08 April 2006

April showers, etc.

"March comes in like a lion, and out like a lamb."

"April showers bring May flowers."

Both of those sayings seem to be anonymous and English, but fit our Northeast weather pattern pretty much exactly. It's always a surprise to me how blustery March is, and how cold and rainy April is -- once winter is over, it feels wrong to have anything other than warm sunny days, and yet, every year, there's the wind, there's the rain.

Central Park was nearly empty today because of the pouring rain; it's worth getting soggy feet to have the place nearly to myself. The cherry and pear trees are in bloom; crocuses and daffodils are popping up here and there. There are more daffodils than ever. The Dutch gave New York City millions of daffodils after 9/11, and have pledged to give us 500,000 new bulbs a year, as long as we have the volunteers to plant them. They're so nice, those Dutch. I wonder what we would give them if Amsterdam were attacked.

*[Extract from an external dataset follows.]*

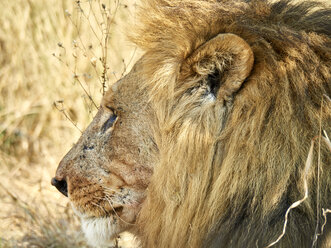 Profil eines männlichen Löwen, Chobe National Park, Maun, Botswana - VEGF00239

Another of those English-sounding truisms is that the robin is the first sign of Spring. There is an anonymous English poem about Little Robin Redbreast which sometimes gets confused with the American harbinger of Spring, but the English and American robins aren't the same thing, and that poem, if it's about anything other than the way the words sound together, is about the natural animosity between cats and birds.

There were dozens of robins hopping on the grass in the park today. The rain will have brought some juicy worms up from the earth, and those robins will be all over them. It's Spring alright.

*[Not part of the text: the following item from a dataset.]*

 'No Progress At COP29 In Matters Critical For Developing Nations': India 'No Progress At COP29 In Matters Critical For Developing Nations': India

Only here's the thing: the robins never leave. They are in the park all year 'round. Maybe not in the same numbers, but even in the middle of January you can find them without looking very hard. Seeing one no longer means it's Spring.

Between the rapacious hurricane seasons of the last two years and the melting polar caps in the Arctic global warming is in the news a lot these days. Maybe we've finally woken up to it, a little more than a little late. Maybe there's just no good celebrity gossip to fill up the news broadcasts right now.

Maybe the robin no longer has to fly south for the winter because it's warm enough here. The ducks certainly stay put all year (though it's debatable whether they ever migrated; I think JD Salinger was taking some poetic license with them).


Blogger tammara said...

I love daffodils. Every fall I mean to plant some bulbs, and every fall I am too lazy to get out there and do it! Then April comes, and I berate myself (again) for not having done it, because I have daffodil envy of several neighbors.